Given records:
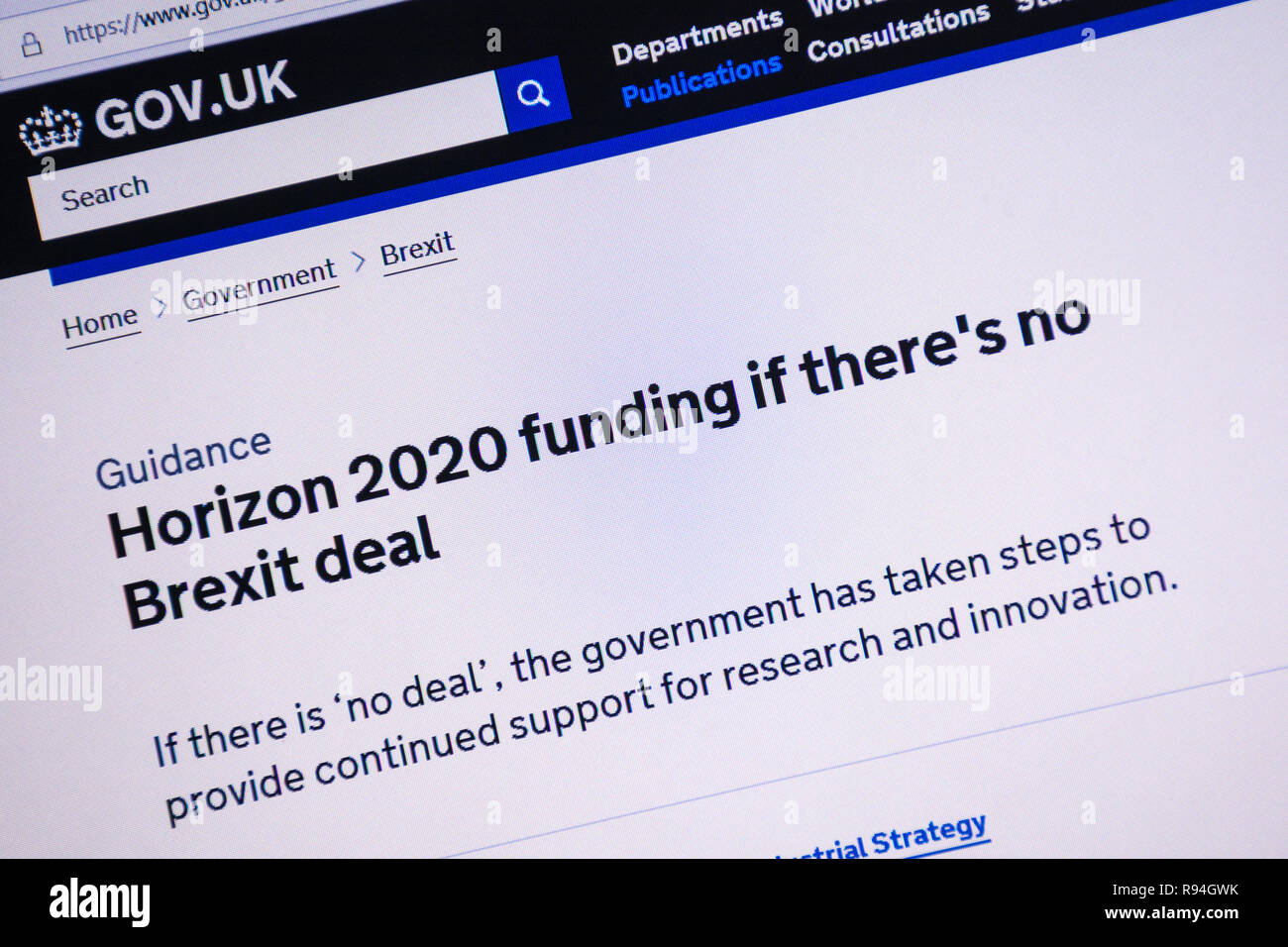 Computer screenshot of the gov.uk website showing information about Horizon 2020 funding if there is no Brexit deal Stock Photo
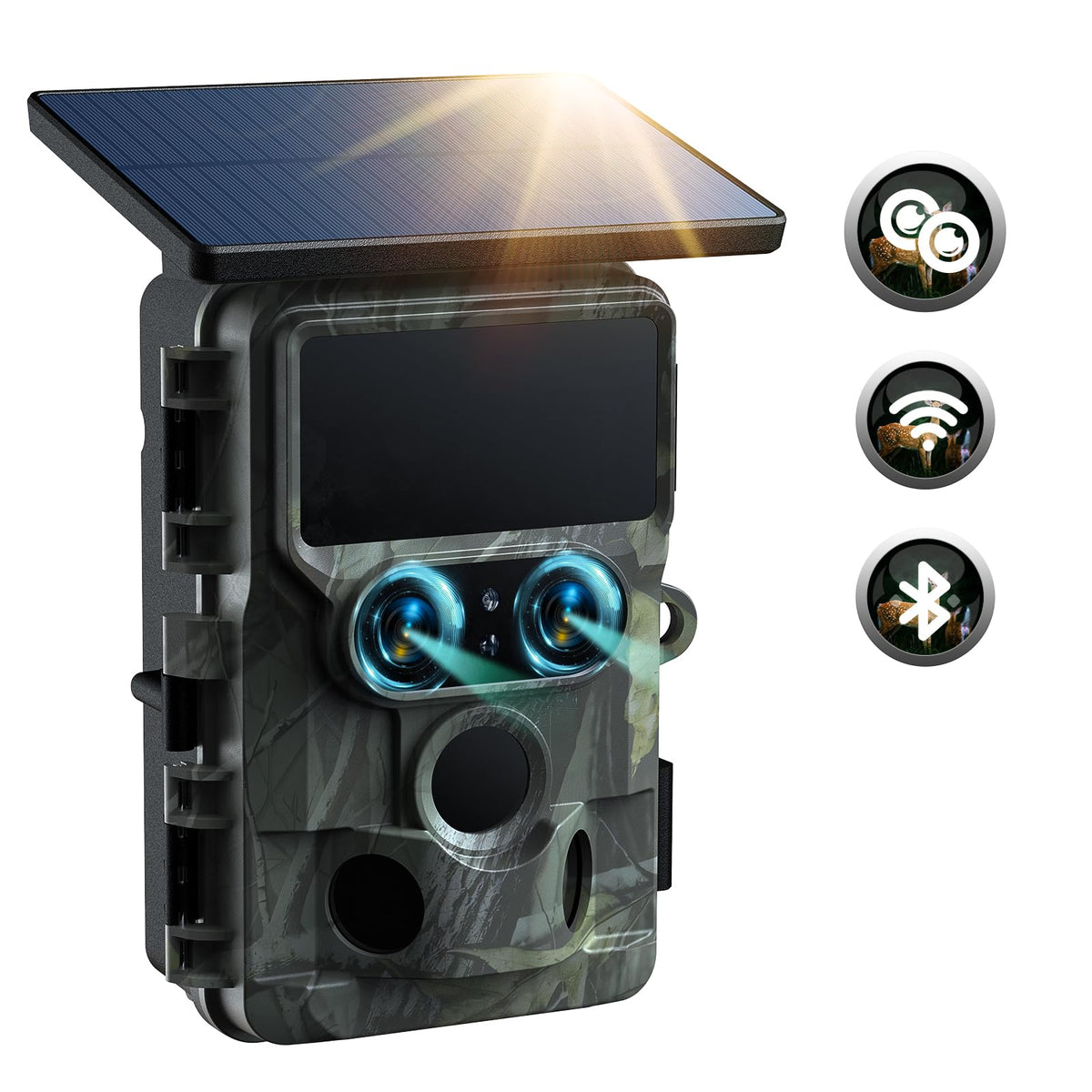 VOOPEAK trail camera with solar panel powering remote wildlife monitoring.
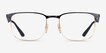 Ray-Ban RB6363 Black Gold MetalEyeglass Frames from EyeBuyDirect, Front View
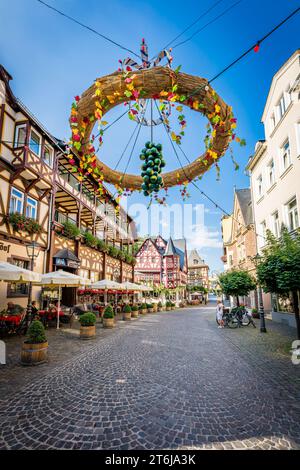 Stadt Bacharach am Mittelrhein, Hotel Restaurant 'Altkölnischer Hof', 'altes Haus' in der Oberstraße, in der hinteren Weinstube 'zum grünen Baum'. Stockfoto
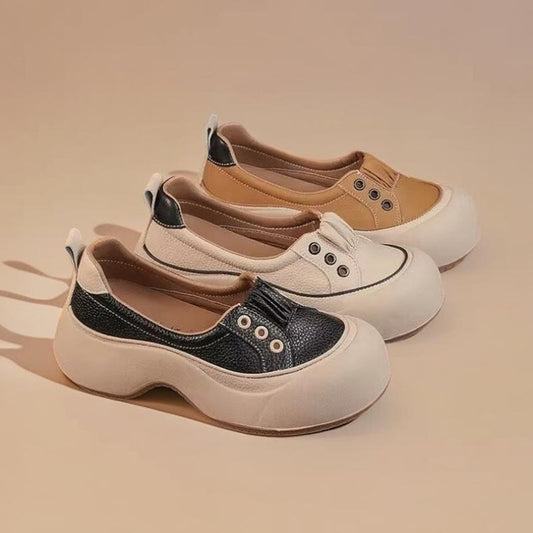 👟👟【produs nou】【35-40】2025 Pantofi casual sport confortabili, cu talpă groasă, din piele, în stil nou la modă-3895049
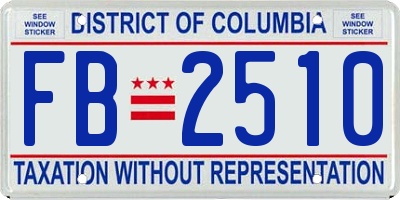 DC license plate FB2510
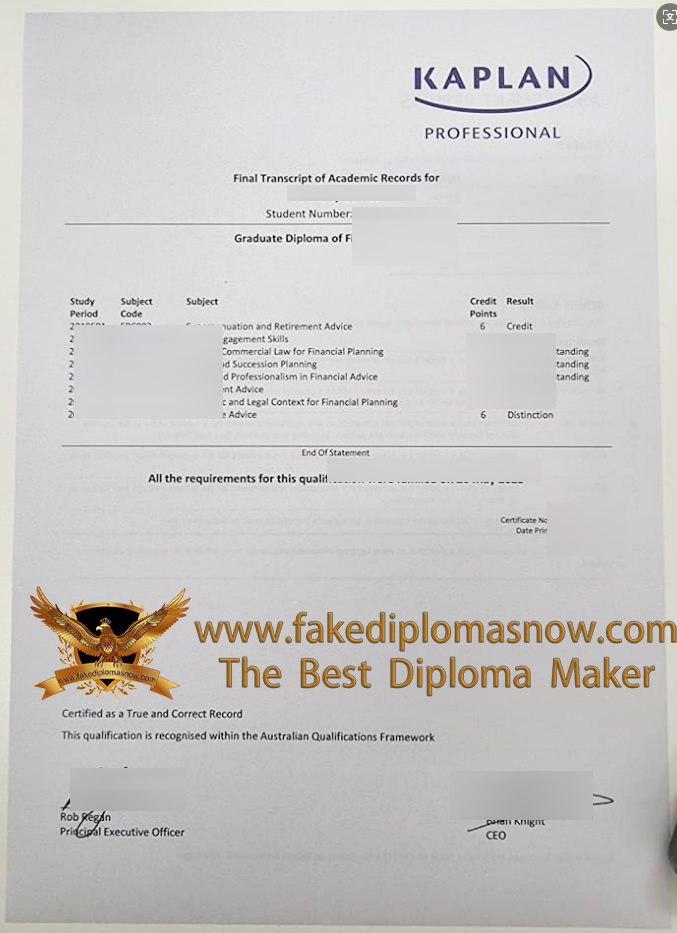 KAPLAN Professional transcript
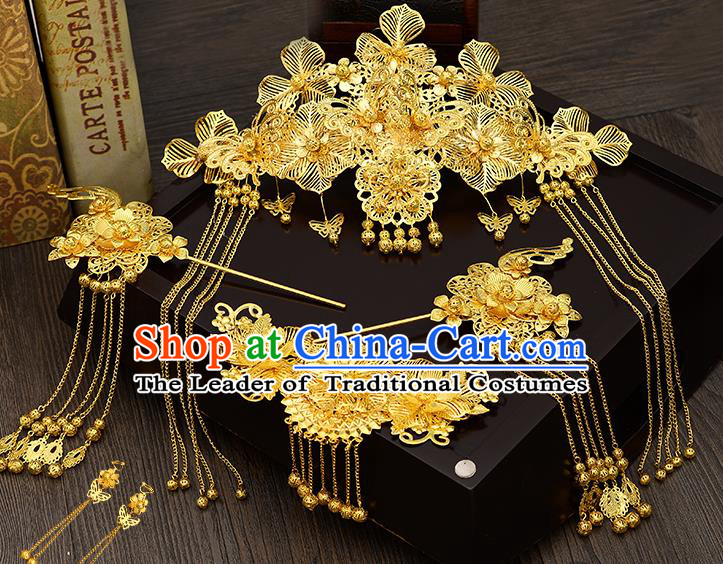 Traditional Handmade Chinese Ancient Classical Hair Accessories Xiuhe Suit Golden Tassel Step Shake Hairpin Complete Set, Hair Sticks Hair Jewellery Hair Fascinators for Women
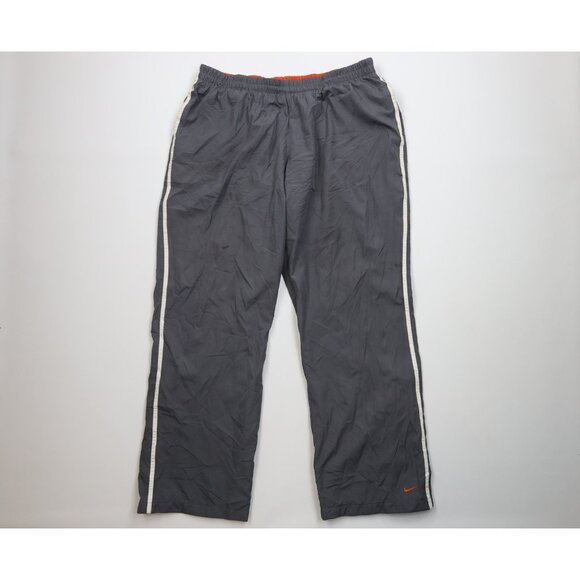Vtg Nike Mens XL Travis Scott Mini Swoosh Lined Wide Leg Windbreaker Pants Gray - Picture 1 of 16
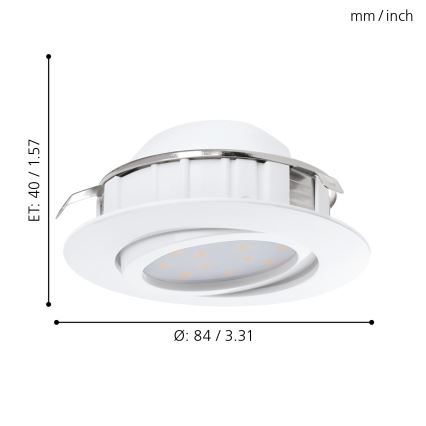 Eglo 95851 - LOT 3x Luminaire encastrable PINEDA 1xLED/4,9W/230V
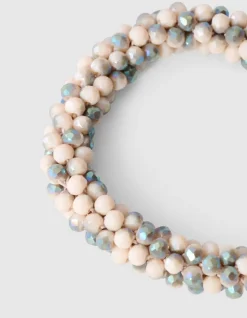 Beaded Armband Lichtgrijs/Beige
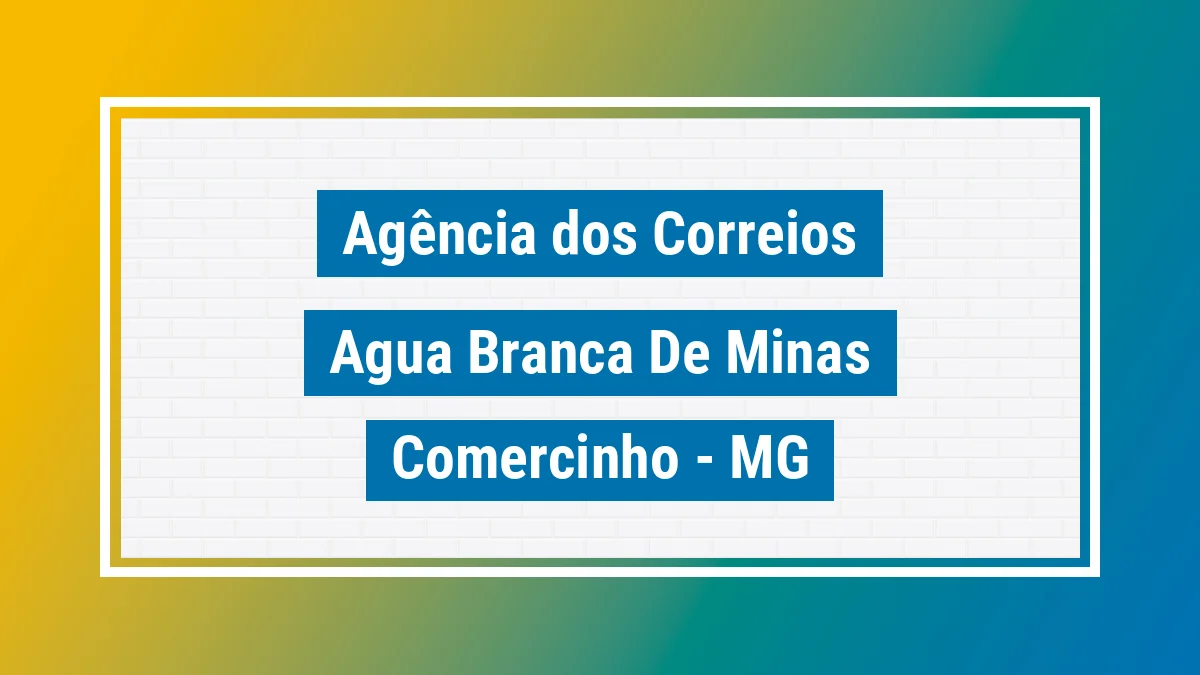 Imagem ilustrativa correios Água Branca de Minas Comercinho MG
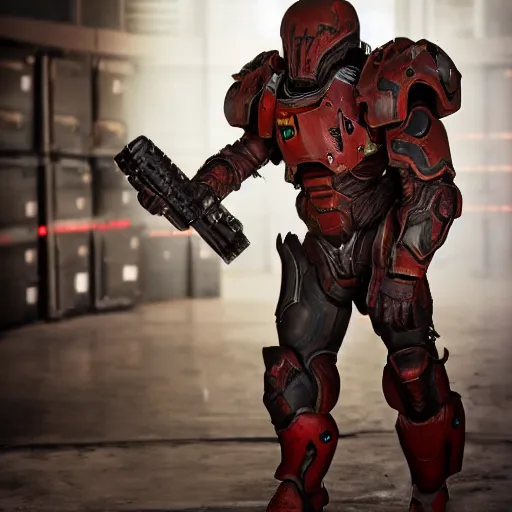 Image similar to doom slayer from doom eternal cosplay, photography, 9 0 s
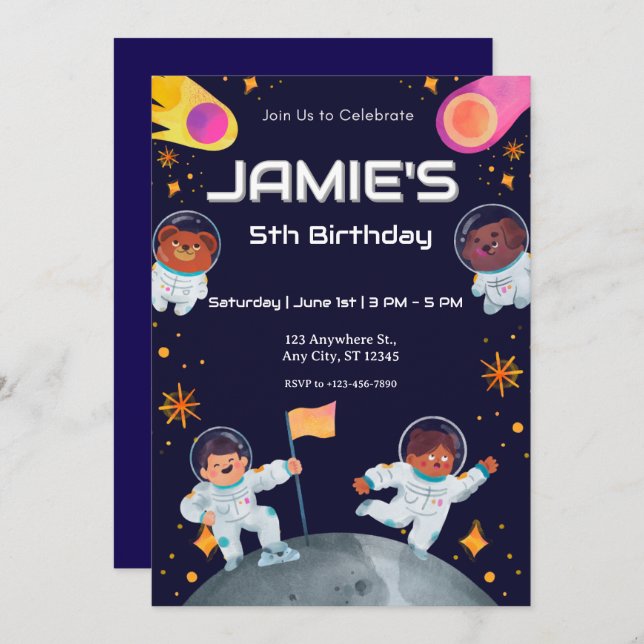 space astronaut birthday invitation (Front/Back)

Required action: Pictures do not belong in your copy; restate word for word the lines from the one containing "Image similar to" through the last line of the records above.

Result of the exercise:
 Image similar to doom slayer from doom eternal cosplay, photography, 9 0 s
 space astronaut birthday invitation (Front/Back)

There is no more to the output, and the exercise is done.